Particularly the women.

Most male candidates from the ruling Kenya African National Union stuck to lauding the government of President Daniel Arap Moi, while those in opposition tended to repeat accusations of corruption.

Women were much more concrete. They demanded an end to frequent shortages of sugar, flour and other essential commodities. They criticized the high cost of their children's textbooks, heavy work loads for primary school students and frequent, unannounced increases in school fees.

Female candidates noted the lack of women in key government positions.
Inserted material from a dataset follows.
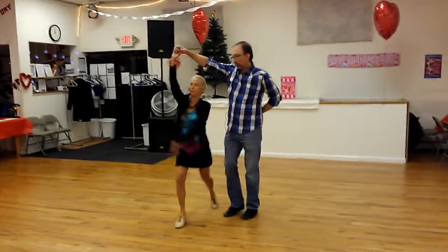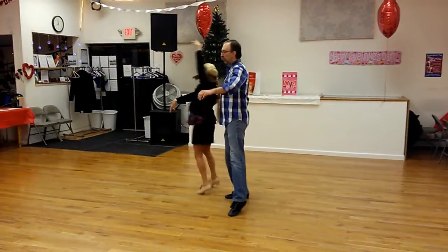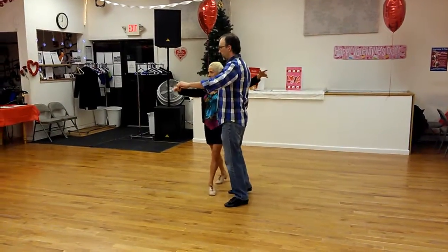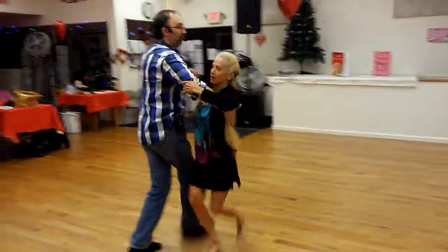She steps forward, forward, and turn. Then we're going to bring her back. As a guy, step on the right foot — one two, hold — two and step on the left foot for three. We just go across to get back to position, and we're back at the beginning.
They complained of the shortage of medicines at state clinics and of potable water in both urban and rural areas.

Maria Nzomo, a professor at the University of Nairobi's Institute of Diplomacy and International Studies, said women should help make the laws because men have treated their concerns "in isolation from the broader national development programs."

She heads the National Committee on the Status of Women, which wants 30% of the seats in Parliament reserved for women.

Only two women were in the last Parliament, and both were Moi's candidates.

Under growing pressure from domestic unrest and Western donor nations to make democratic reforms, Moi lifted the legal ban on opposition groups in December, 1991.

Within weeks, three independent women's groups were formed: the National Committee on the Status of Women, the League of Women Voters and Mothers in Action. Previously, women's organizations were dominated by the wives and daughters of prominent men.

A record 19 women ran for Parliament and at least 130 contested seats in municipal and county elections.

Five of the new Parliament members are in the opposition. The one from Moi's party has been given the traditional highest post a woman has held in government--assistant minister for culture and social services.